When I listen to many children in my 2nd grade reading group read aloud, I often notice that long, multisyllable words stop them altogether, or at least slow their fluency. However, it doesn’t take much to realize that when we approach words together, we can use a few strategies to read them aloud.

Little Words In Big Words

Little Words In Big Words

So what’s my job? So that they can access this word with their skills and independent faculties!

Big Words. Little Words.

How have you strengthened your confidence in your ability to work independently? With some guided exercises – together and then alone!

First, we went through a long list of words on the board, and using the strategy described above (students name them as they work), we found words and syllables we knew, and tapped the syllables together to tackle them.

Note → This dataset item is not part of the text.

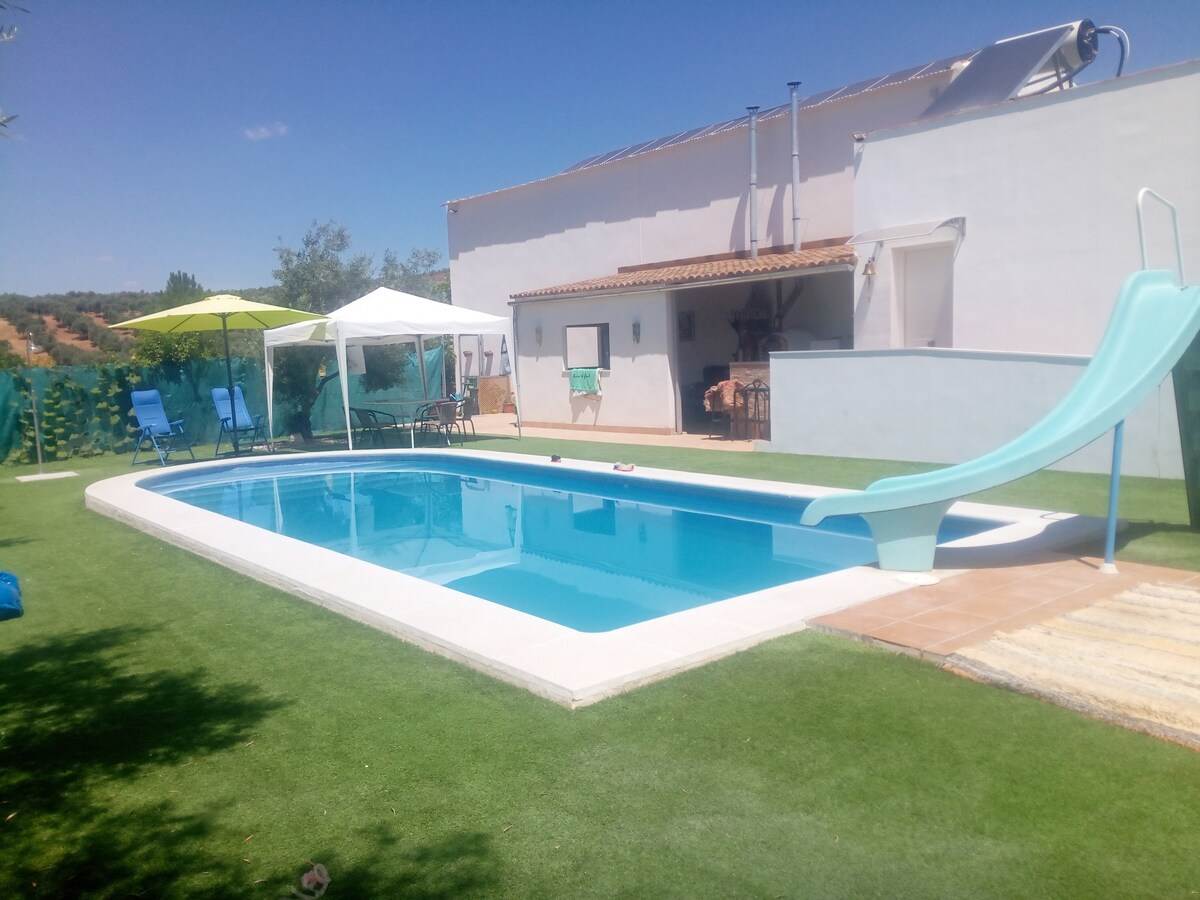 Casa rural con piscina y cuatro dormitorios en Montilla, Córdoba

Students then picked up slips of paper and picture books and began reading independently. They read and enjoyed the stories, just as we did every time we read picture books for free (I usually put out many new and familiar books I picked up from the library). Volunteers and I listen to other students read and discuss illustrations and plots. But today’s extra work was to find polysyllabic words (we decided that words with four or more syllables should be on the list) from the book we were reading and write them down on sticky notes.

It was amazing to me to see how accurate the students were at finding and decoding words on their own. Not a single kid came up and asked how to read the words. They just came along and shared the following statement.

Little Words Big Meaning Ebook By Valerie Lynch

“I found another one! Listen: Unexpected, unexpected! There are five of them!” “Wherever you look, you find a word with four syllables!” “You can’t hide this word, Mrs. Gelson! You can find it in many books!” “Hello! We are doing really well! We can read these words!” “I think we are all smarter today. or . . . Maybe we can already do that? Did you cheat on us?”

My students are very enthusiastic and fun. I have to admit 🙂 But they are also very capable and confidently approach what used to intimidate them with this little encouragement to do what they already can!

Now we can slow down and spend some time talking about meaning. I’d rather they stop to see what’s going on in the story or ask the meaning of a word than be hesitant by a word longer than most. We have learned how to handle new vocabulary and will continue to practice this important skill.